◆ Goal of the exercise ◆
Among the lines below, the one containing "14545 HUNTCLIFF PARK" opens the range and the one containing "San Jacinto House | Seawall Secret" closes it. Print that range exactly, without the pictures.
[Recorded data Boundary: Start]
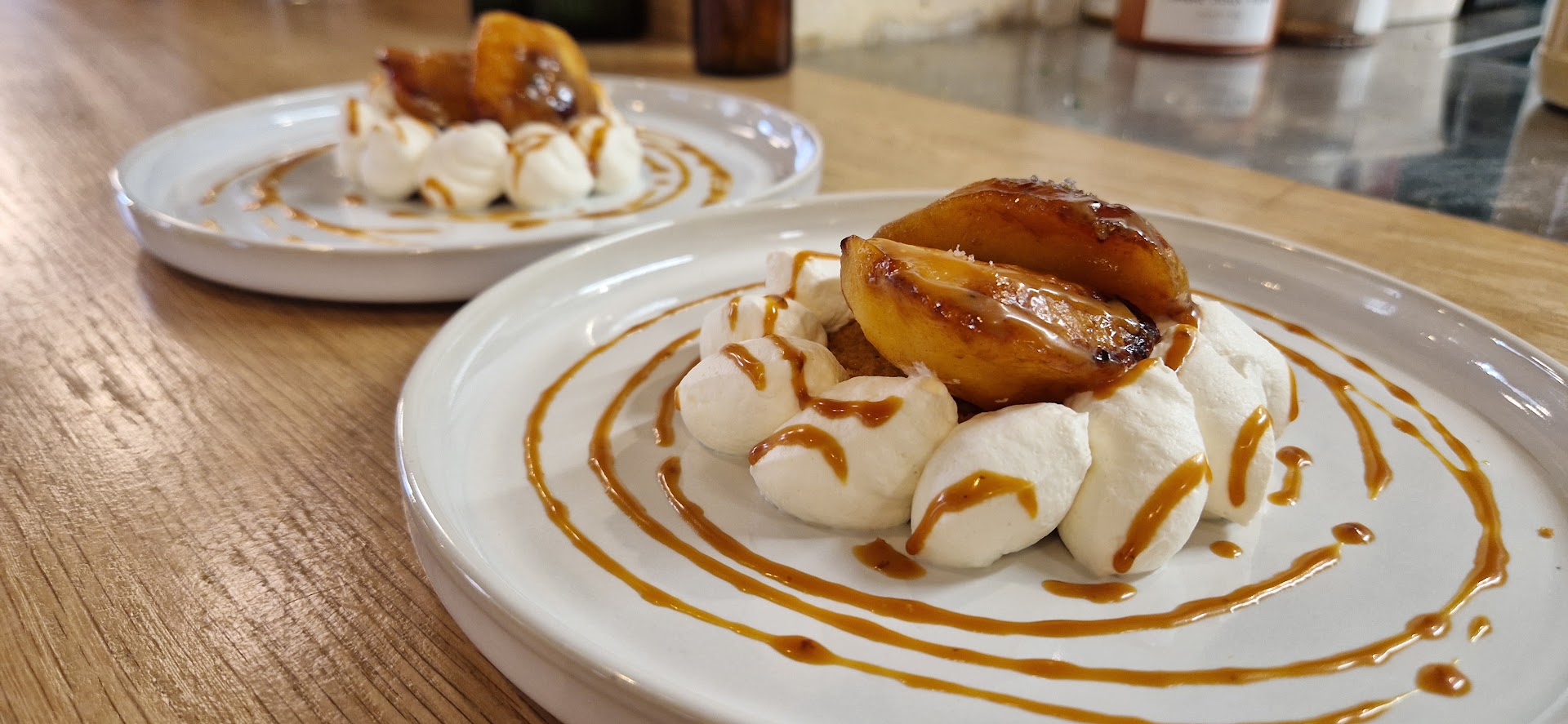 Dessert dressé avec crème et sauce ambrée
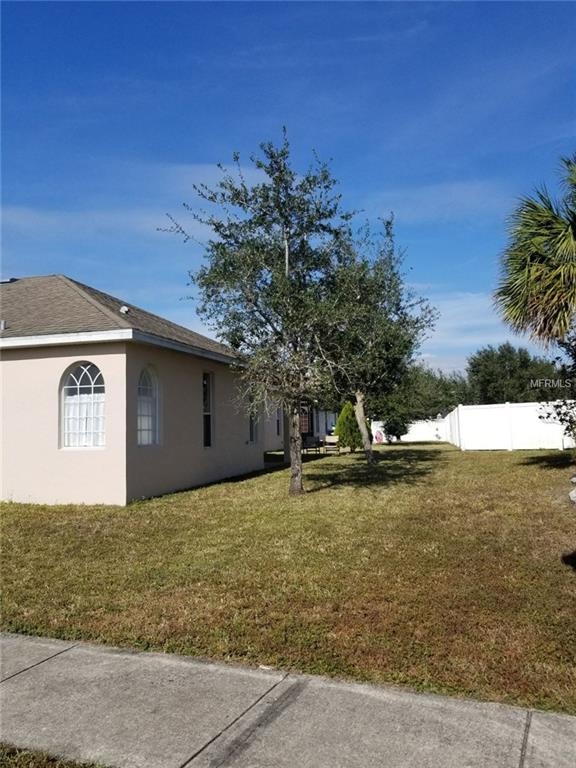 14545 HUNTCLIFF PARK WAY, ORLANDO, Florida 32824, 3 Bedrooms Bedrooms, 5 Rooms Rooms,2 BathroomsBathrooms,Residential,For sale,HUNTCLIFF PARK,O5554581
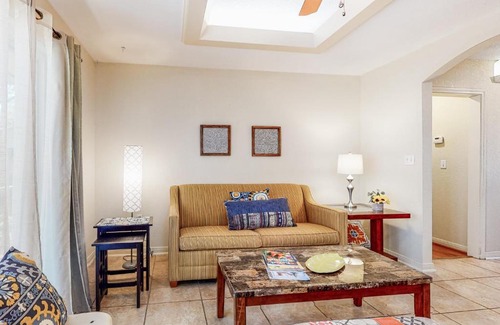 San Jacinto House | Seawall Secret
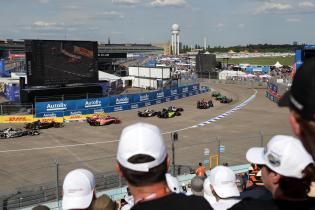 Alle FE Rennfahrzeuge hintereinander in Kurve 13 über Zuschauerköpfe fotografiert, Rennen 2, FIA Formel E Weltmeisterschaft Saison 12, Berlin E- Prix, 03.05.2026, Flughafen Tempelhof, FE, Elektromotorsport
E-PrixinBerlin2026_160.jpg Alle FE Rennfahrzeuge hintereinander in Kurve 13 über Zuschauerköpfe fotografiert, Rennen 2, FIA Formel E Weltmeisterschaft Saison 12, Berlin E- Prix, 03.05.2026, Flughafen Tempelhof, FE, Elektromotorsport
E-PrixinBerlin2026_160.jpg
[Recorded data Boundary: End]
◆ Exercise solution ◆
 14545 HUNTCLIFF PARK WAY, ORLANDO, Florida 32824, 3 Bedrooms Bedrooms, 5 Rooms Rooms,2 BathroomsBathrooms,Residential,For sale,HUNTCLIFF PARK,O5554581
 San Jacinto House | Seawall Secret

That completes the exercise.